## TASK STATEMENT
The lines below from the one with "A GEORGE III MAHOGANY COMMODE" up to and including the one with "A statue over a chapel door" are what you should set down, exactly and without pictures.

## DATA EXCERPTS
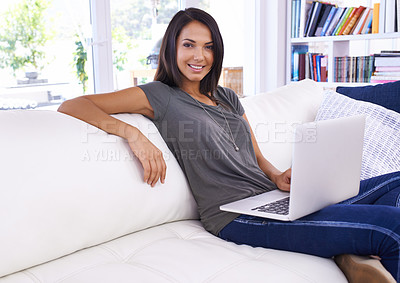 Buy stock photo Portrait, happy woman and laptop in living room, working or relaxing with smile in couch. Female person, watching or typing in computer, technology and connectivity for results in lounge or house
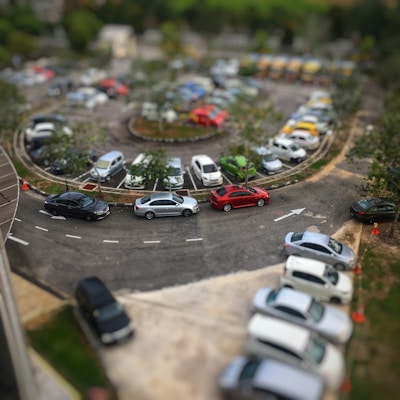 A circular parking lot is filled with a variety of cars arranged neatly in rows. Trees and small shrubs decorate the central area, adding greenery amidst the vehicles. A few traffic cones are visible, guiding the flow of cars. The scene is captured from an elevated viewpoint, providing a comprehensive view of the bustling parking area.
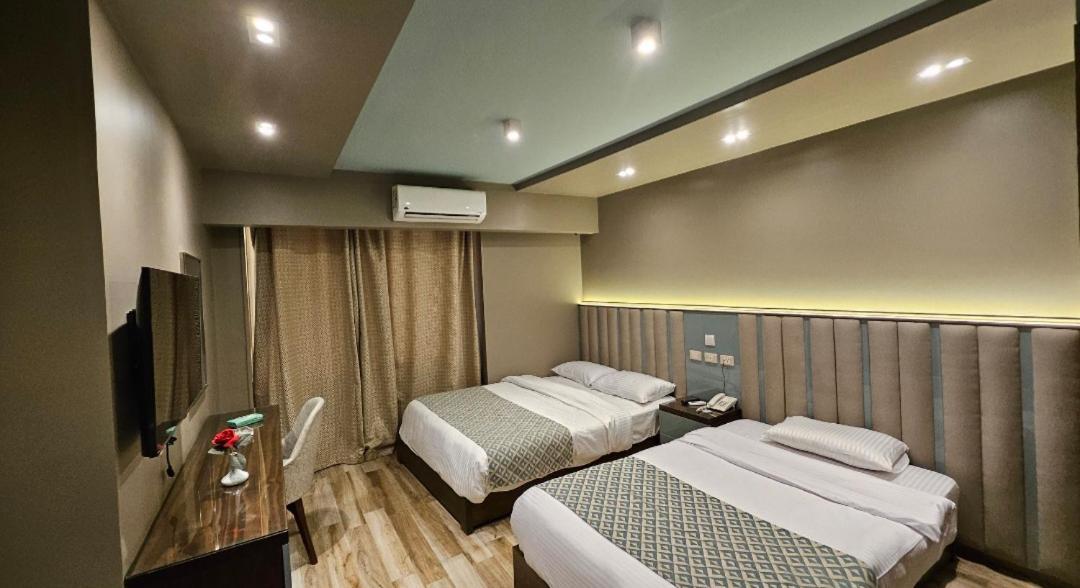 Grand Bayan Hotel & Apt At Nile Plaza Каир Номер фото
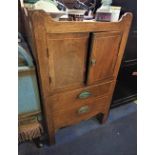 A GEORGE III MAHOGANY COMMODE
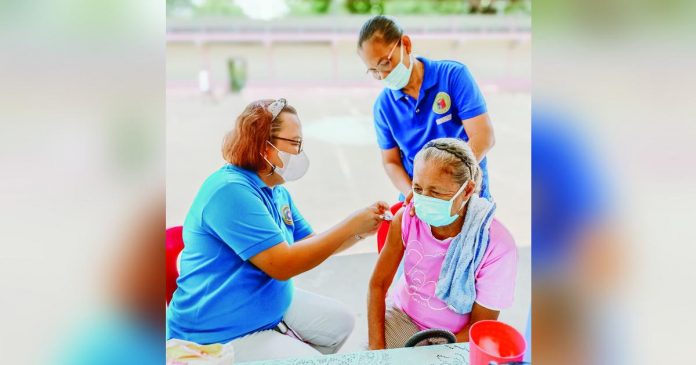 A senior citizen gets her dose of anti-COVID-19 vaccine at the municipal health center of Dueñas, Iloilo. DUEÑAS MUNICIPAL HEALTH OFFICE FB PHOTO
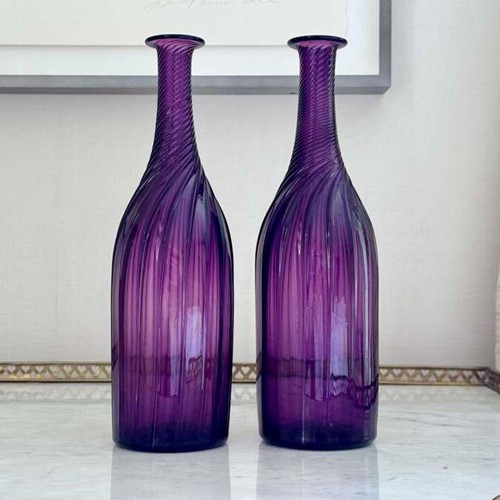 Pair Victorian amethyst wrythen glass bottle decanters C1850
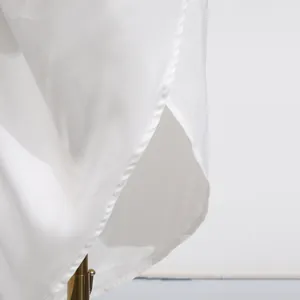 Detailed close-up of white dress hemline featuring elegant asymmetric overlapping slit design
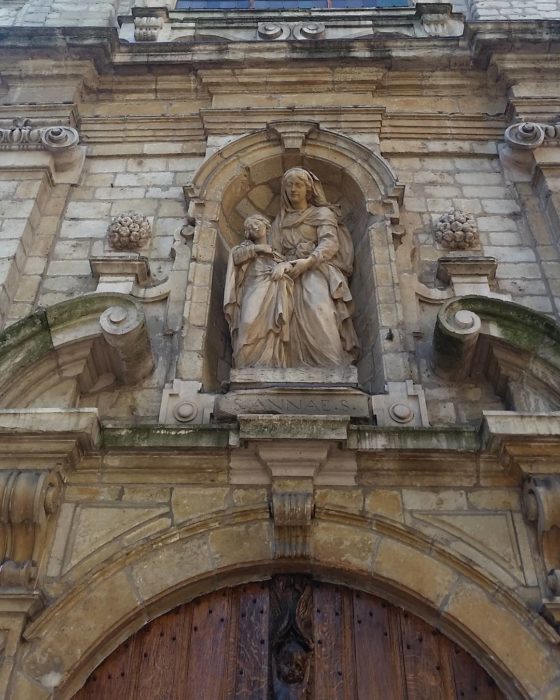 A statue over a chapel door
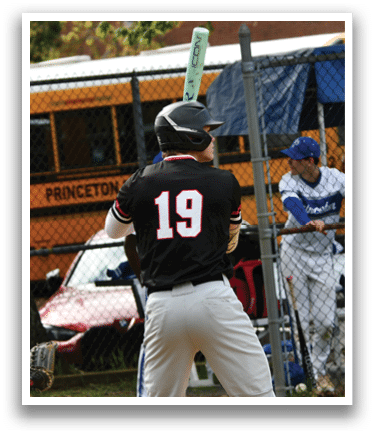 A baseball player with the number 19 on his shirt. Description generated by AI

## WRITTEN REPLY
 A GEORGE III MAHOGANY COMMODE
 A senior citizen gets her dose of anti-COVID-19 vaccine at the municipal health center of Dueñas, Iloilo. DUEÑAS MUNICIPAL HEALTH OFFICE FB PHOTO
 Pair Victorian amethyst wrythen glass bottle decanters C1850
 Detailed close-up of white dress hemline featuring elegant asymmetric overlapping slit design
 A statue over a chapel door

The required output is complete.